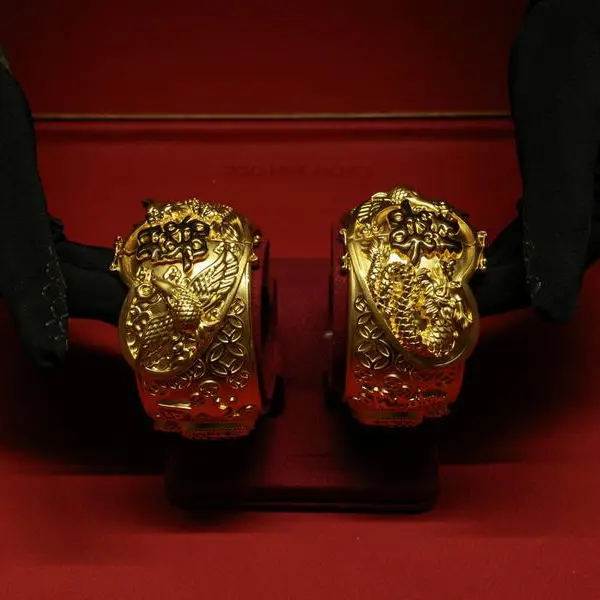 Gold climbs as lower oil eases inflation, rate-hike fears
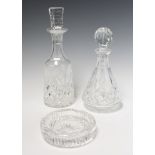 A Waterford Crystal decanter and stopper 32cm, ditto 27cm together with an ashtray 15cm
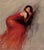 Crimson by Derek Harrison | Oil on Linen Painting of a woman in a red dress lying down For Sale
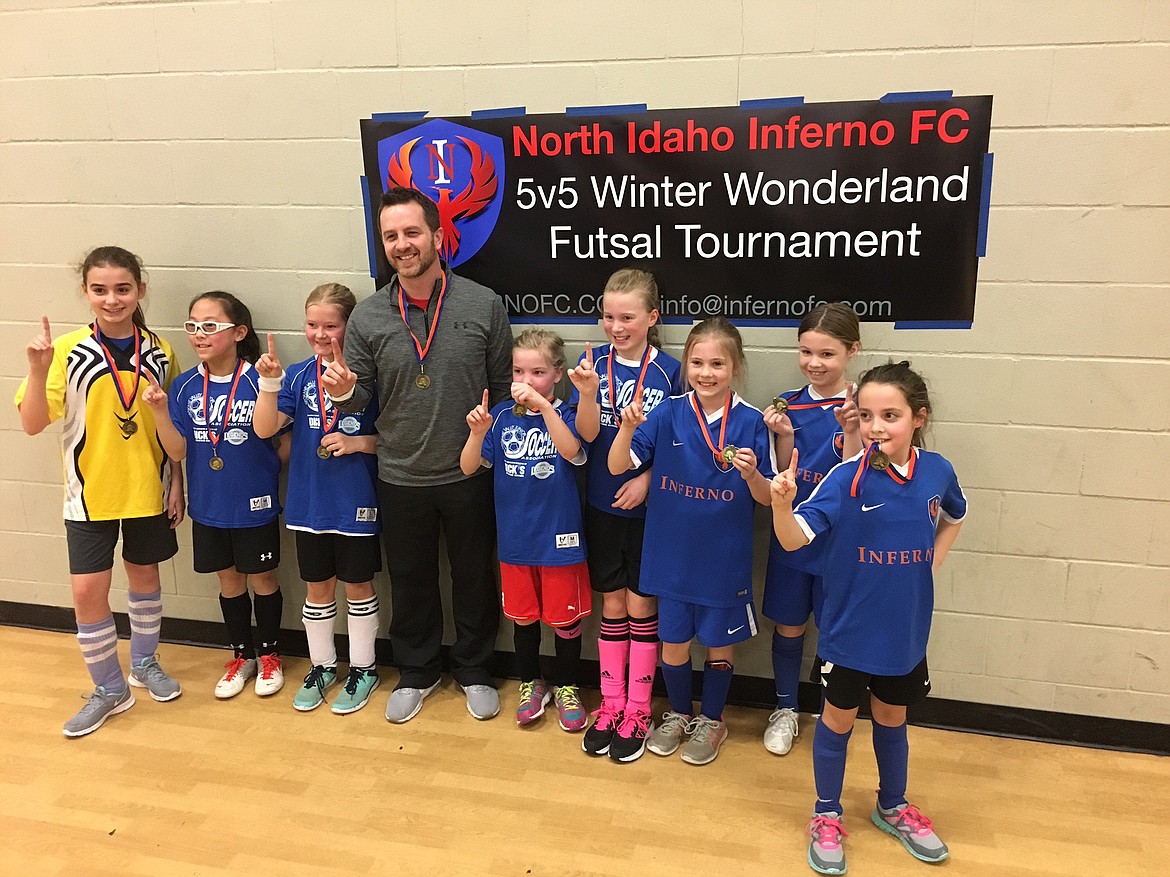 Courtesy photo
The Team Ballers under-10 girls took first place at the North Idaho Inferno FC 5 v 5 Winter Wonderland futsal tournament. The Ballers went 4-1 in the coed bracket. Pictured from left are Abby Leitner, Vivian Tran, Kai Coursey, coach Jeremy Van Lith, Emmy Van Lith, Hayleigh Cromwell, Kylie Johnson, Elena Nilson and Charlie Calkins.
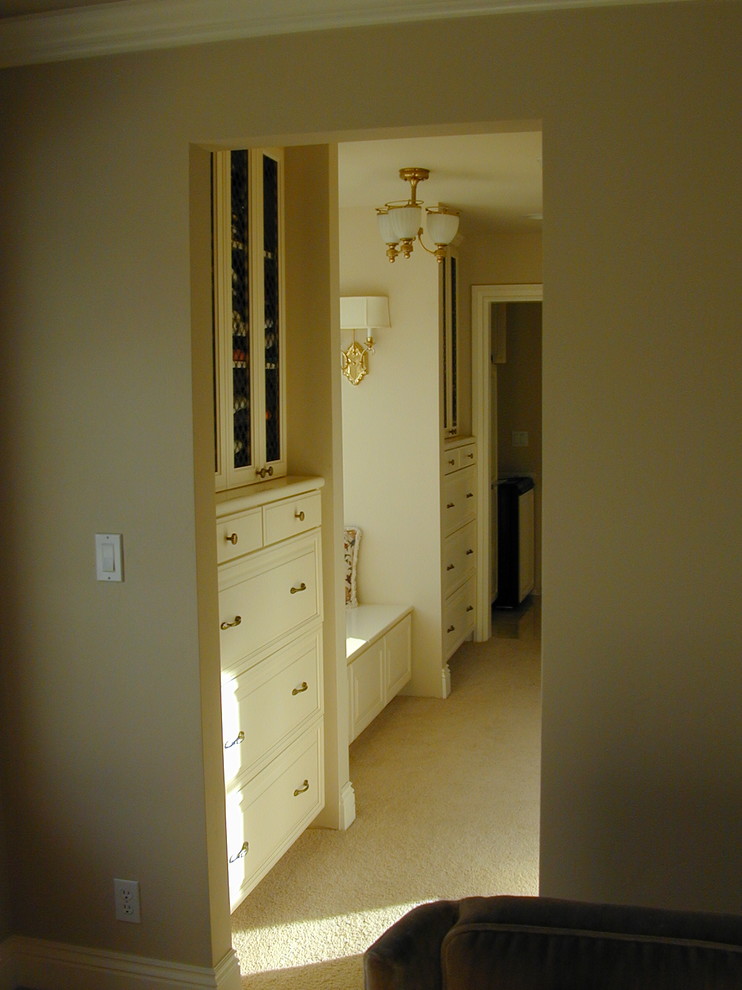 Cette photo montre un dressing room chic de taille moyenne et neutre avec un placard avec porte à panneau surélevé, des portes de placard blanches et moquette.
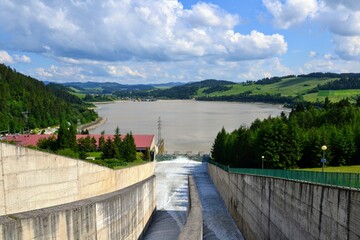 Water overflow in the dam. Opened water dam. Dam and water reservoir in Niedzica was created in order to reduce flood culminations.  Czorsztyn lake, southern Poland, Europe. 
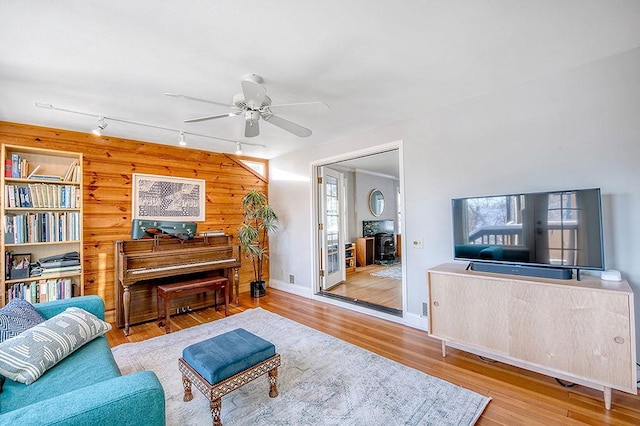 living room featuring baseboards, ceiling fan, wood walls, rail lighting, and wood finished floors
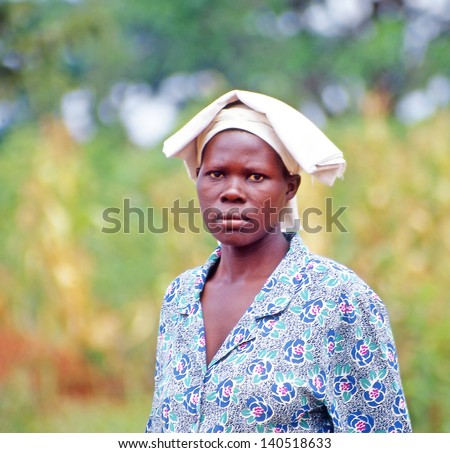 BUIKWE REGION, UGANDA - JULY 26: An unidentified farmer on July 26, 2004 in Buikwe region, Uganda. People in rural areas of Uganda depend on farming.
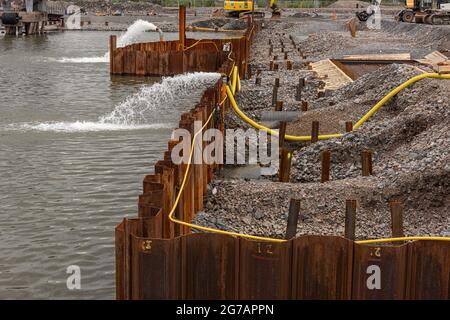 Goteborg, Svezia - maggio 16 2021: L'acqua viene pompata da dietro una barriera metallica che rivendica terreni per la costruzione Foto Stock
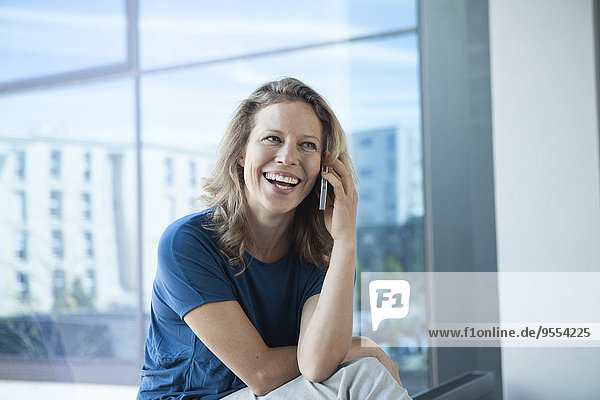Smiling mature woman telephoning with her smartphone at home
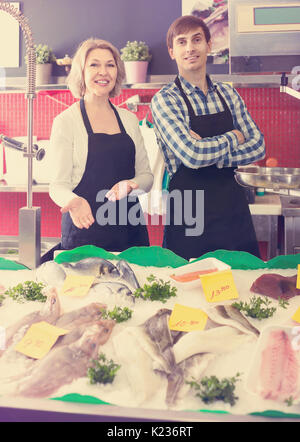 Sorridente negozio europeo roba vendere raffreddata su ghiaccio pesce nel supermercato Foto Stock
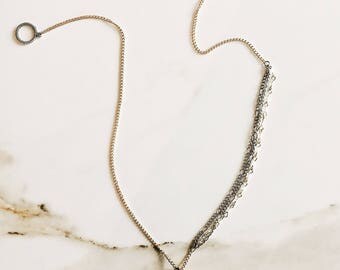 12in long layered metal chain necklace with rose quartz crystal pendant.
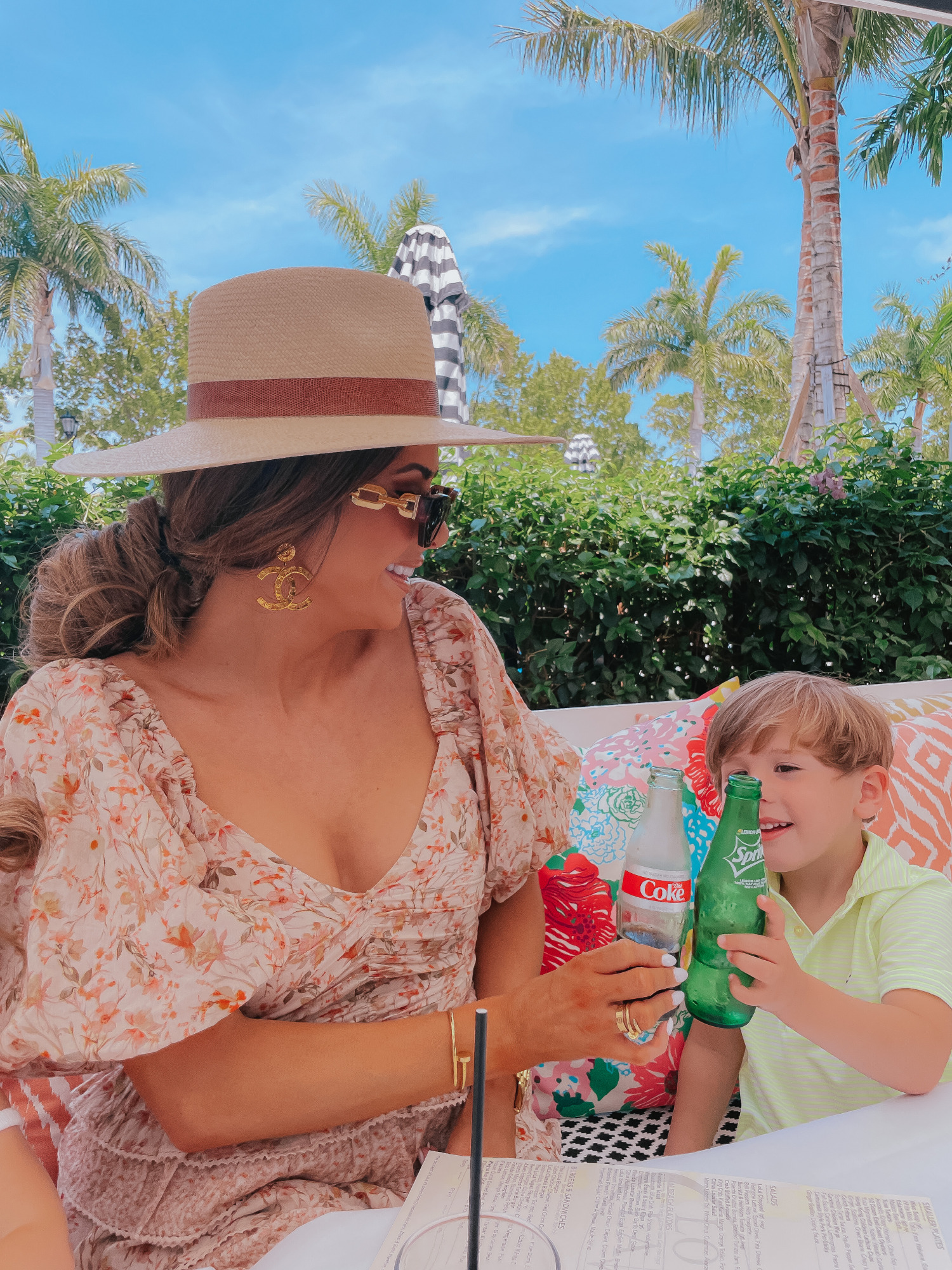 Palm beach white elephant lola41, Emily gemma | Lola 41 by popular US fashion blog, The Sweetest Thing: image of Emily Gemma and her daughter Sophie and son Luke sitting outside and eating food at Lola 41 while wearing Tularosa Shaylee dress, Paris Large Button Chanel Earrings, dior pink toile small book tote, Louis Vuitton Edge Sunglasses, chanel gold button earrings, Rag and Bone hat, Cartier bracelets, Janie and Jack white tank top, and Vineyard Vines polo shirt.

+===+

[Try it]: Your copy must start at the line that holds "Courtesy photo" and end at the last line of the data, both included; it must contain no pictures.

[Result]:
 Courtesy photo
The Team Ballers under-10 girls took first place at the North Idaho Inferno FC 5 v 5 Winter Wonderland futsal tournament. The Ballers went 4-1 in the coed bracket. Pictured from left are Abby Leitner, Vivian Tran, Kai Coursey, coach Jeremy Van Lith, Emmy Van Lith, Hayleigh Cromwell, Kylie Johnson, Elena Nilson and Charlie Calkins.
 Cette photo montre un dressing room chic de taille moyenne et neutre avec un placard avec porte à panneau surélevé, des portes de placard blanches et moquette.
 Water overflow in the dam. Opened water dam. Dam and water reservoir in Niedzica was created in order to reduce flood culminations.  Czorsztyn lake, southern Poland, Europe. 
 living room featuring baseboards, ceiling fan, wood walls, rail lighting, and wood finished floors
 BUIKWE REGION, UGANDA - JULY 26: An unidentified farmer on July 26, 2004 in Buikwe region, Uganda. People in rural areas of Uganda depend on farming.
 Goteborg, Svezia - maggio 16 2021: L'acqua viene pompata da dietro una barriera metallica che rivendica terreni per la costruzione Foto Stock
Smiling mature woman telephoning with her smartphone at home
 Sorridente negozio europeo roba vendere raffreddata su ghiaccio pesce nel supermercato Foto Stock
 12in long layered metal chain necklace with rose quartz crystal pendant.
 Palm beach white elephant lola41, Emily gemma | Lola 41 by popular US fashion blog, The Sweetest Thing: image of Emily Gemma and her daughter Sophie and son Luke sitting outside and eating food at Lola 41 while wearing Tularosa Shaylee dress, Paris Large Button Chanel Earrings, dior pink toile small book tote, Louis Vuitton Edge Sunglasses, chanel gold button earrings, Rag and Bone hat, Cartier bracelets, Janie and Jack white tank top, and Vineyard Vines polo shirt.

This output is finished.